The tone of the Northern press has greatly changed since the unanimous and determined action of South Carolina. Heretofore, it was supposed by our enemies that we were divided and distracted at home, and that, in consequence of our divisions, the scenes of 1851 would be re-enacted, and the State would finally acquiesce in Black Republican rule, or at best, that something less than secession would be adopted, and our energies exhausted in fruitless expedients and unavailing threats. Now that the unwelcome conviction forces itself upon them that "we have counted the cost, and find nothing so intolerable as voluntary slavery," and that we are not to be deterred from the assertion and maintenance of our rights by the threats of Federal bayonets, or the unmeaning and senseless display of Wide Aware processions, formidable only to the capitalists and conservatives of their own section, they begin to change their tone, and appeal to us rather as suppliants than as conquerors, to save a Union from which they have reaped a rich harvest of profit and honor, and the South has only known by its exactions.

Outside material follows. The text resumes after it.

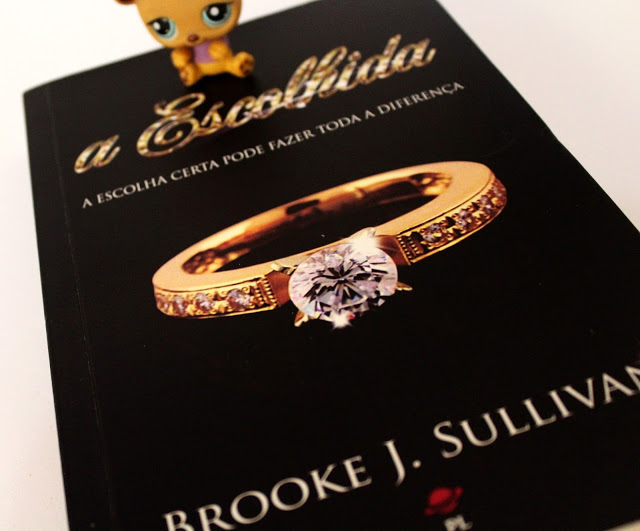 A Escolhida - Brooke J. Sullivan A Escolhida - Brooke J. Sullivan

They have been deaf to the voice of reason and consanguinity; they have disregarded the counsels of their wisest and best citizens.--Their Negros, in the persons of Seward, Sumner and others, have been fiddling, while the Constitution has been trampled under foot, and a higher law inaugurated in its stead; in accordance with their treasonable advice and teaching, and by the crowning act of electing a Black Republican President to carry out their long cherished designs against the peace

and prosperity of the South, they have declared open war against us.***

There is no reasonable doubt but that Georgia. Alabama, Mississippi, Florida, Texas and Arkansas will immediately follow, and that the other Southern States will eventually complete the galaxy. It was not to be expected that they would move before South Carolina; not on account of any want of patriotism and determination to resist aggression and insult — not because they are less informed of their rights, or less prepared to defend them, but on account of the national parties, so lately striving for victory in the Presidential canvass, in which contest there would naturally arise distrust and jealousy of each other, and a scramble for the ascendancy. Now that the Presidential election is over, and an enemy of their section is chosen to rule over them, we find all parties becoming united against the common enemy, and prepared to forget their past divisions and unite in defence of their altars and firesides.

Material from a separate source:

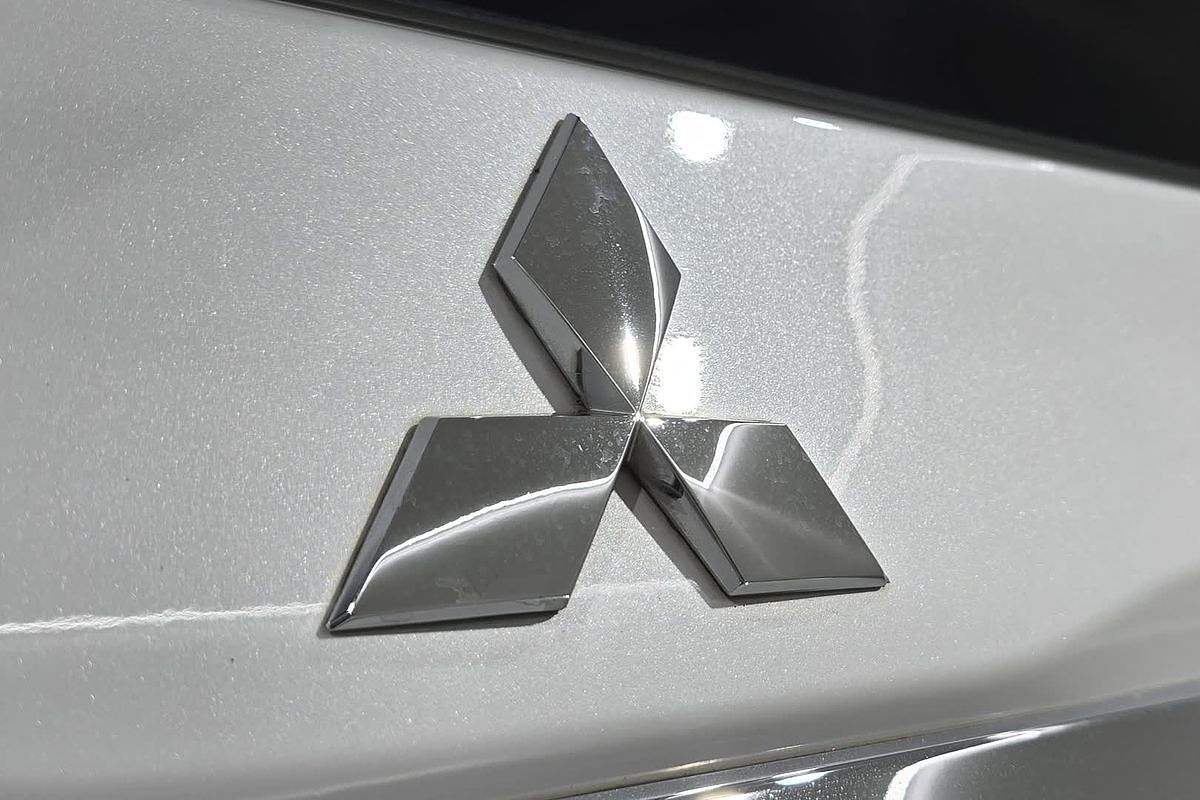 2022 Mitsubishi Pajero Sport GLS QF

The idea that a majority must always govern, which has taken possession of the Northern mind, is as mischievous as it is fallacious, and is contradicted by all the analogies of a Republican Government. If a mere majority is to govern, why have two houses of Congress — a Senate and a House of Representatives? Why give the President the veto power? Why submit the action of all three to a judicial tribunal? Why require juries to be unanimous in giving their verdict? The conclusion is irresistible that it is for the protection of minorities, and the safety of the itizen. I may be asked if a minority should govern? My answer is, no; but they should be able, by constitutional restrictions, to restrain the majority from acts of injustice and oppression. In the co-partner-ships formed by individuals, the majority is not permitted to construe the articles of agreement to the injury of the minority; but in this case there is a disinterested tribunal to decide the question. In a compact between States, from the nature of the case, there can be no tribunal to decide violations of it, and the remedy must be a dissolution of the agreement, without any right on the part of the States to prevent the withdrawal of any of the parties, otherwise might would make right, and a compact be an unmeaning and worthless piece of parchment.

We cannot penetrate the dark future; it may be "filled with ashes, tears, and blood," but let us go forward in the discharge of our duty, with an unwavering trust in God, and a consciousness that anything is preferable to dishonor and degradation. Wm. H. Gist.